Most other artists in “Signal and Trace” are not focused on loss and decay, and there are no examples of glitch art or heavy digital distortion here. By and large, the artists seem to want to communicate with relative transparency, rather than calling attention to what’s gotten lost or warped in the electronic mediation.
For instance, Ramona Emerson’s “Hidden Talents” is a very good documentary portrait of the Navajo artist James Woolenshirt King, but it could have just as easily been shot on film. It was one of my favorite things in the show, but it’s a documentary short, not video art.
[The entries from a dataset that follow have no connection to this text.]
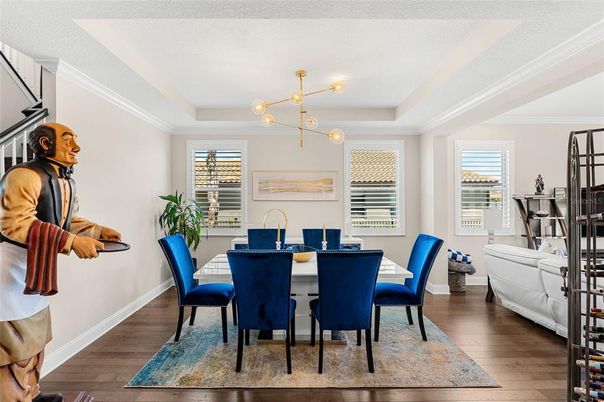 Dining room, Interior, Pendant Lights, Wood Texture Flooring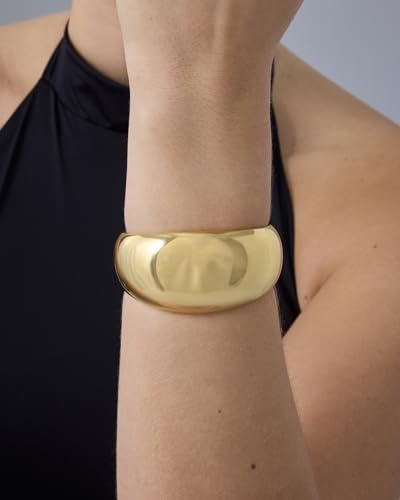 PAVOI 14K Gold Plated Chunky Cuff Bracelets for Women - Stainless Steel Statement Bangle Bracelet - Waterproof Bold Dome Bangles3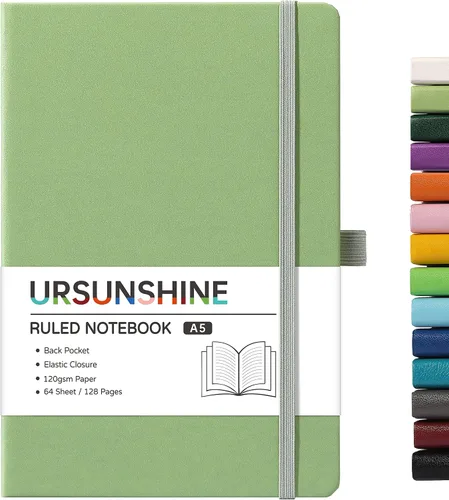 Miniatura 38 de Cuaderno punteado, diario, 5.3 x 8.26 pulgadas, tapa dura, prémium, papel grueso, doble espiral, bandas, cuero negro sintético, lazo para bolígrafo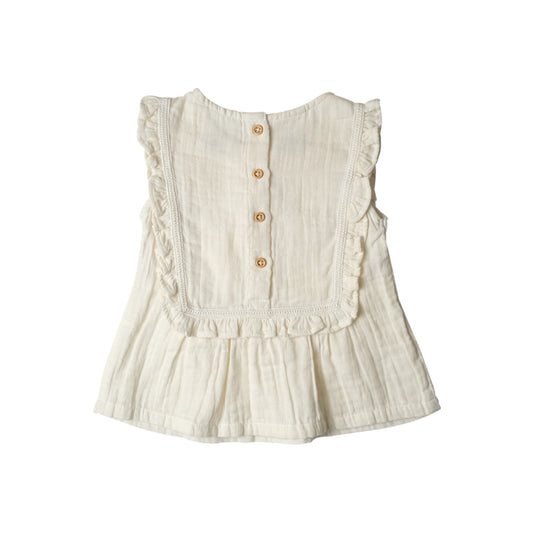 Muslin Evelyn Top | Vanilla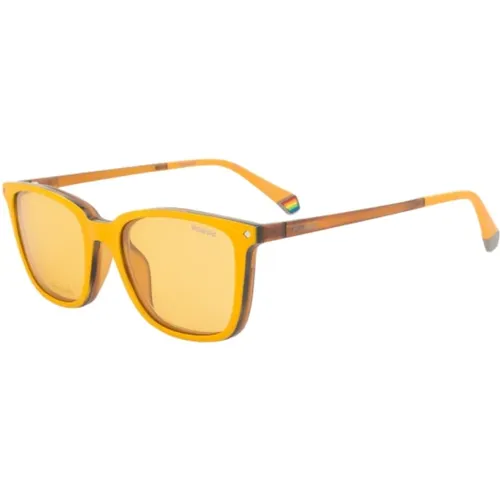 Gelbe Injizierte Sonnenbrille Unisex Stil , unisex, Größe: 51 MM - Polaroid - Modalova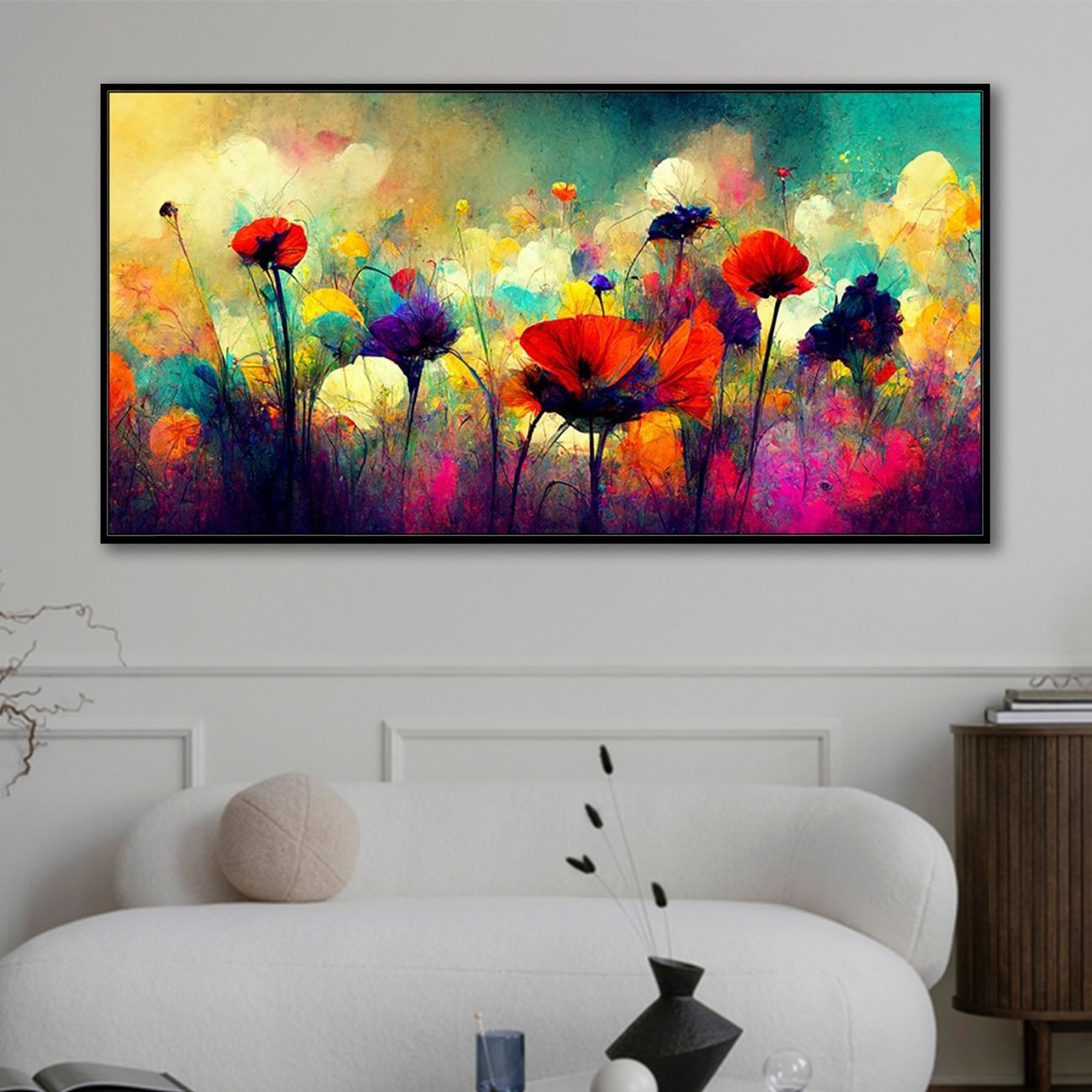 Abstract Floral Burst: Vivid Colors Wall Painting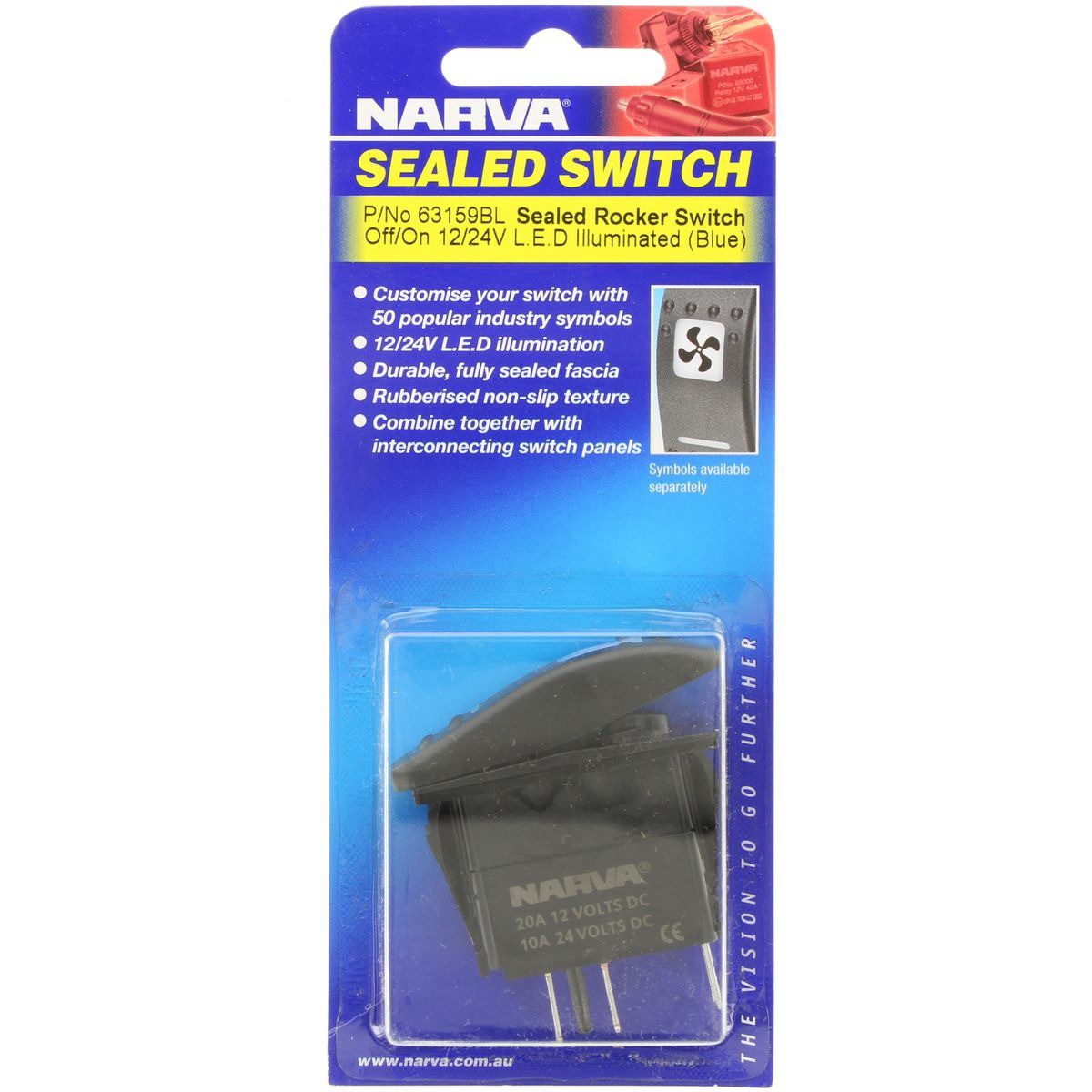 Narva Sealed Rocker Switch Off/On SPST 12V/24V Blue LED (Contacts Rated 20A @ 12
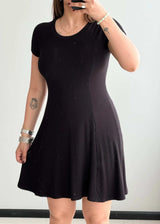 SIZE S-M, Black Fit & Flare Dress - Closet by Payal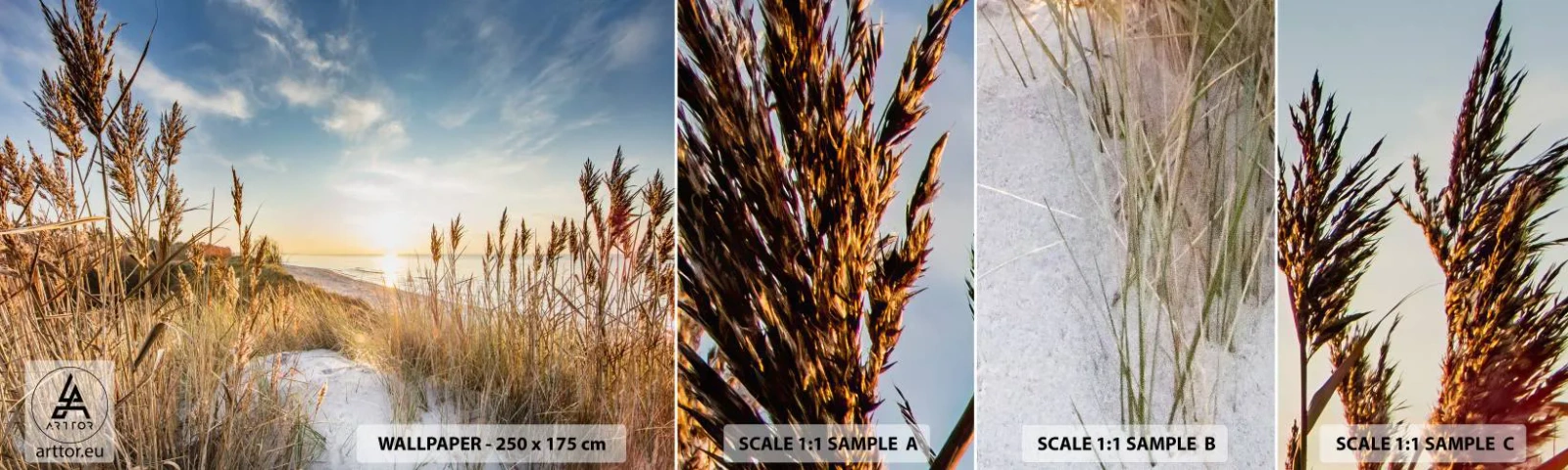 Fototapeten Muster Selbstklebend Deluxe Sticker - Nordstrand - Landschaft, Meer, Strand - 100x30 cm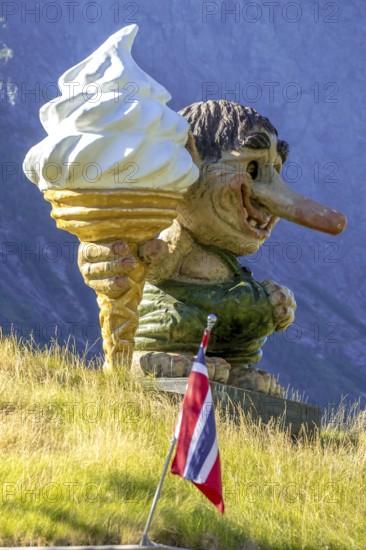 Norwegian troll and foodIce and Norwegian flag, Innfjorden, Møre og Romsdal, Norway, Scandinavia,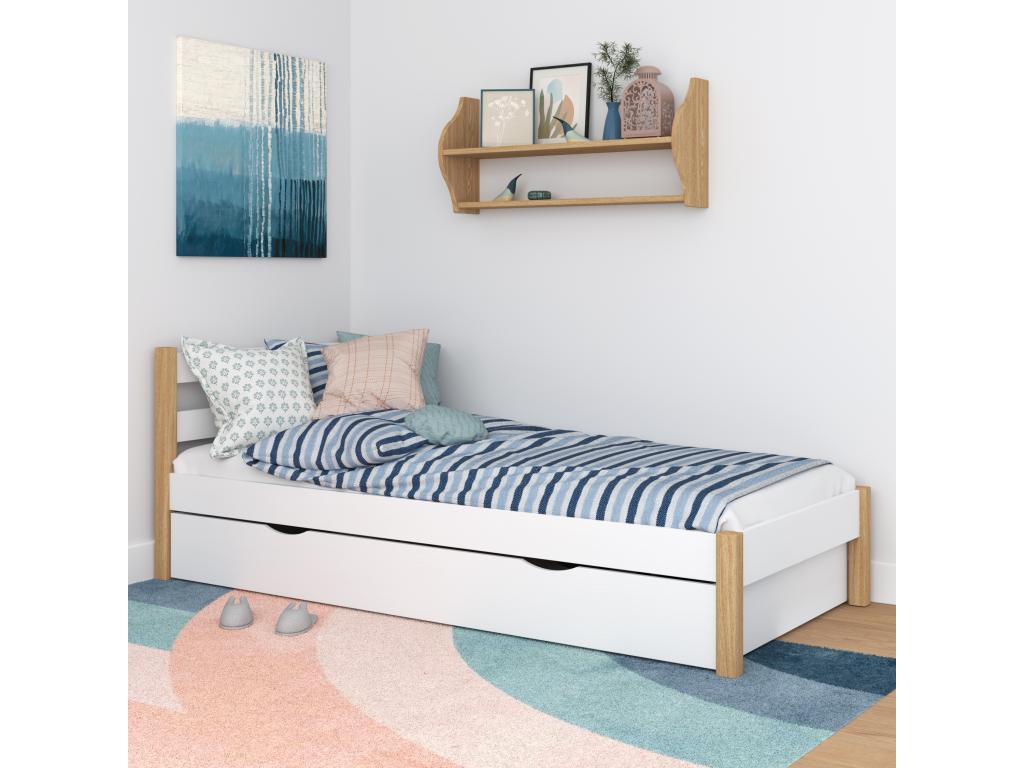 Lit en chêne blanc, 100 x 180 cm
Jacob Kader’s “Gordian Knot” is a video installation that revolves around a physical prop — a rope as thick as a Burmese python, tied in a simple knot. The installation consists of the actual knotted rope in front of a video in which the knot is shown to represent a timeline of global wars. As in the ancient Greek legend, the character in the video cannot untie the “knot” of intractable conflict. This is a good idea for an art piece, but as a former Boy Scout who spent years perfecting my bowlines and sheet bends, I can tell that Kader is not a knot guy. Compared to Maren Hassinger’s knot installations from the early 1970s or Sheila Pepe’s crocheted nylon paracord pieces, Kader’s easy-to-untie knot undercuts the seriousness of his message. The piece would have been more effective if each war were represented by its own knot, which would collectively create a giant knot ball, perhaps with the character in the video slowly becoming trapped inside. “Gordian Knot” has nothing to say about digital media, either. Like Emerson’s piece, it could have just as easily been shot on film without altering the meaning.
Stewart Skylar Copeland’s “Observation Arena” bills itself as a video game, but it isn’t. It’s really a “talking head” video of the artist and his fiancee discussing her choice to use an AI portrait as her LinkedIn profile pic. The Xbox controller only allows viewers to rotate their view and zoom in and out, but nothing else — unless there’s a secret cheat code I missed. If the relative lack of interactivity is meant to mirror people’s lack of agency in online corporate spaces, a more complex gameplay with countless dead ends may have been more interesting. As it is, the Xbox conceit feels like a poorly thought-out gimmick, which detracts from Copeland’s simple but intriguing video.
Marie Alarcón’s “Coded” displays a digital avatar of the artist’s child on a spinning LED hologram fan. Artists like Jennifer West and Rachel Rossin have done more interesting things with hologram fans, so if you want a better example of Alarcón’s artistic vision, ask to see “the vault.” A gallery employee will lead you to a secret, room-sized metal vault, which the artist has transformed into a fictional revolutionary’s secret lair, complete with mysterious black flags, a barbed-wire-enwreathed peacock chair and a digital avatar of the artist as a pirate-zombie called Papi Leon. This installation, titled “American Archipelago” is technically not part of “Signal and Trace,” though it fits well thematically and is a definite must-see.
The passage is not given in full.